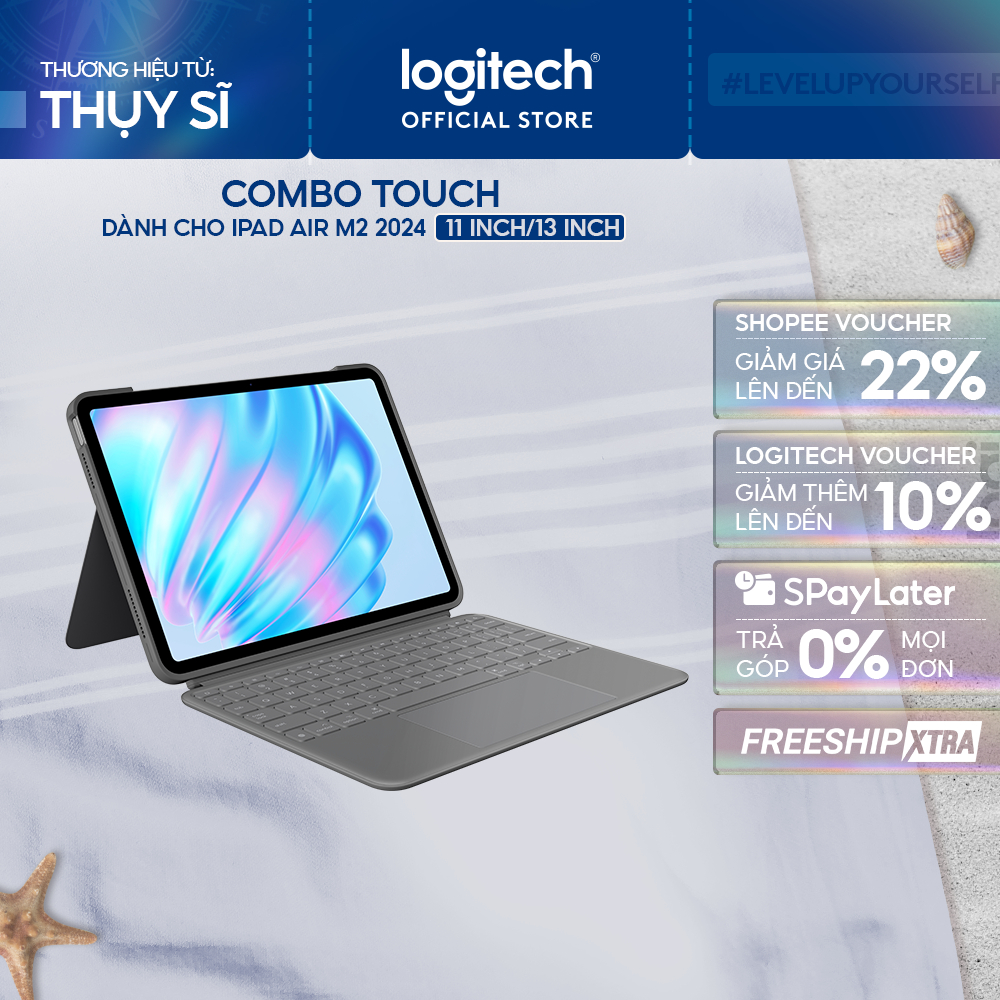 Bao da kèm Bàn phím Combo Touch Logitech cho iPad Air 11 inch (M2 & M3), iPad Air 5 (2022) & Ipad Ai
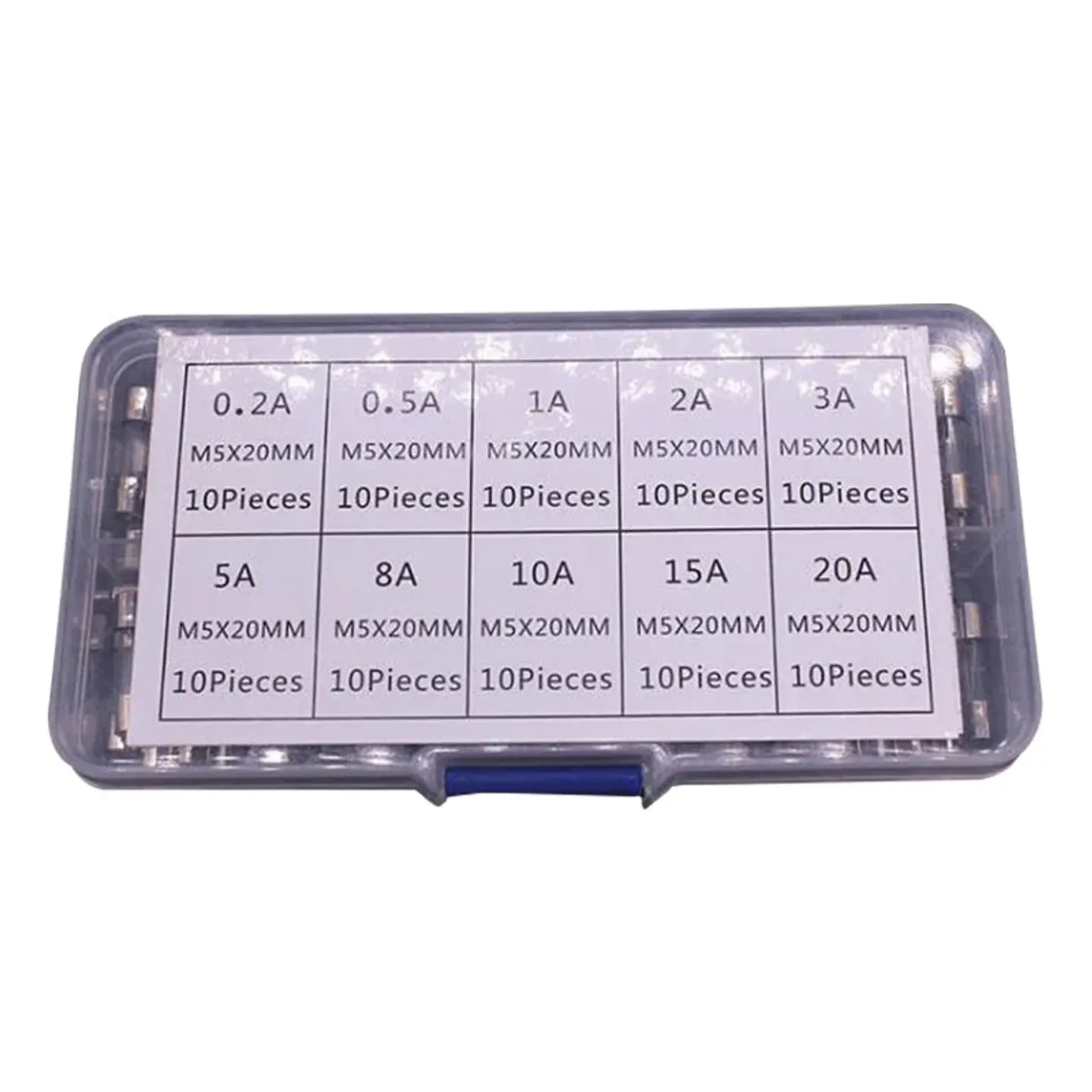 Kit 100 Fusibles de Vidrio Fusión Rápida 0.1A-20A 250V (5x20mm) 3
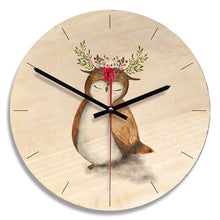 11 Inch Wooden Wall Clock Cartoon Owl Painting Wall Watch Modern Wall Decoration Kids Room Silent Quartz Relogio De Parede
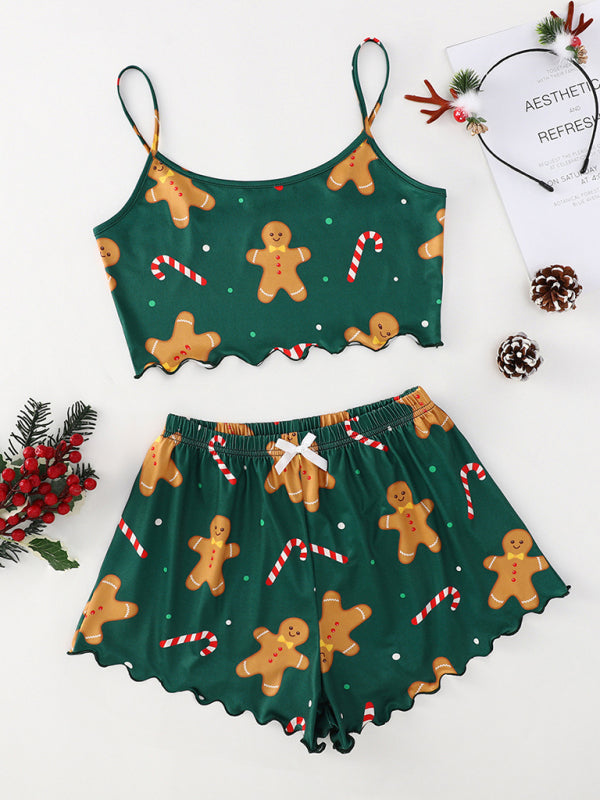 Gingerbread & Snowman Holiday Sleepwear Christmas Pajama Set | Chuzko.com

==

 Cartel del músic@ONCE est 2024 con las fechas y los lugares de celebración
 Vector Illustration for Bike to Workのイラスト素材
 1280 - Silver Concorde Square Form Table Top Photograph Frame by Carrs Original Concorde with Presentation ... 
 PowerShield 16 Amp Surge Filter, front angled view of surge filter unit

--

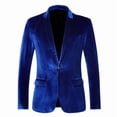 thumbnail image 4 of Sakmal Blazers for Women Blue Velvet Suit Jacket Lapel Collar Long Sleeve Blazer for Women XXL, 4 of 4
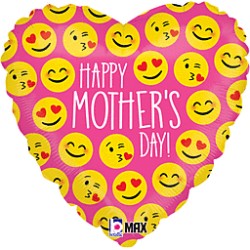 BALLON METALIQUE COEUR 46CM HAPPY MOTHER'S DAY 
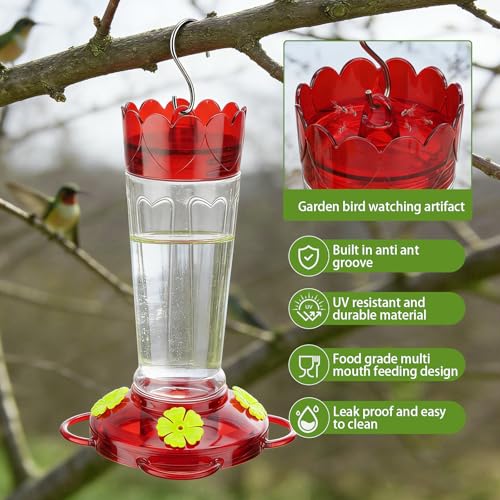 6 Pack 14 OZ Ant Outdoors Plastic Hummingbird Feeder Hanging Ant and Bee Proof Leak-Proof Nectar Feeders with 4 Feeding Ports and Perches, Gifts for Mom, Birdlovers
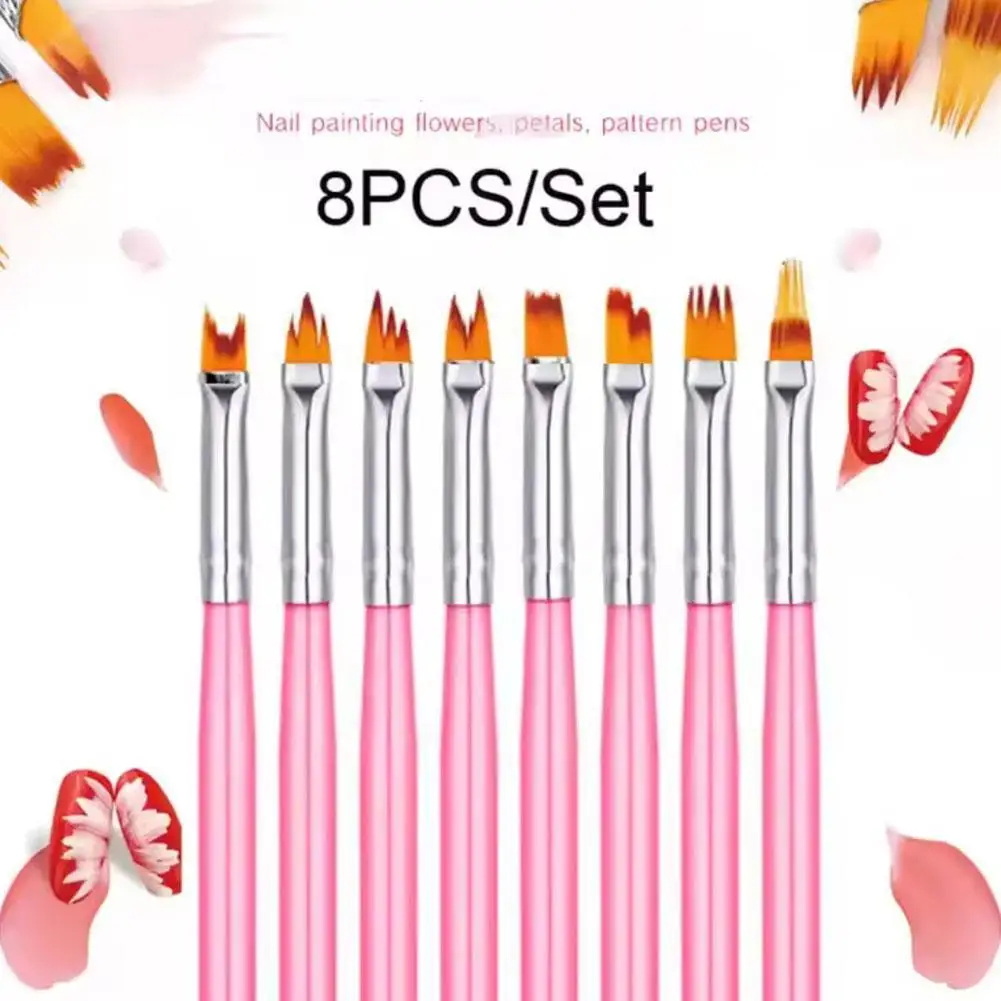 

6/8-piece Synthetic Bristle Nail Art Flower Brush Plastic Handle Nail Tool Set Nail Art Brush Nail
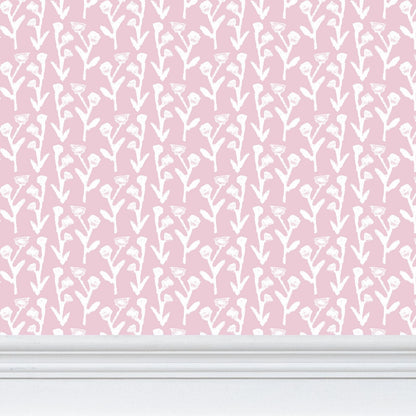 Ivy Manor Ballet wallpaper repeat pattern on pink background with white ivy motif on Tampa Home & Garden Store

- [The problem]: Above are records; write out the lines from the one with "Bao da kèm Bàn" down to the one with "Gingerbread & Snowman", exactly, leaving the pictures out.

- [Expected answer]:
 Bao da kèm Bàn phím Combo Touch Logitech cho iPad Air 11 inch (M2 & M3), iPad Air 5 (2022) & Ipad Ai
 Kit 100 Fusibles de Vidrio Fusión Rápida 0.1A-20A 250V (5x20mm) 3
 11 Inch Wooden Wall Clock Cartoon Owl Painting Wall Watch Modern Wall Decoration Kids Room Silent Quartz Relogio De Parede
 Gingerbread & Snowman Holiday Sleepwear Christmas Pajama Set | Chuzko.com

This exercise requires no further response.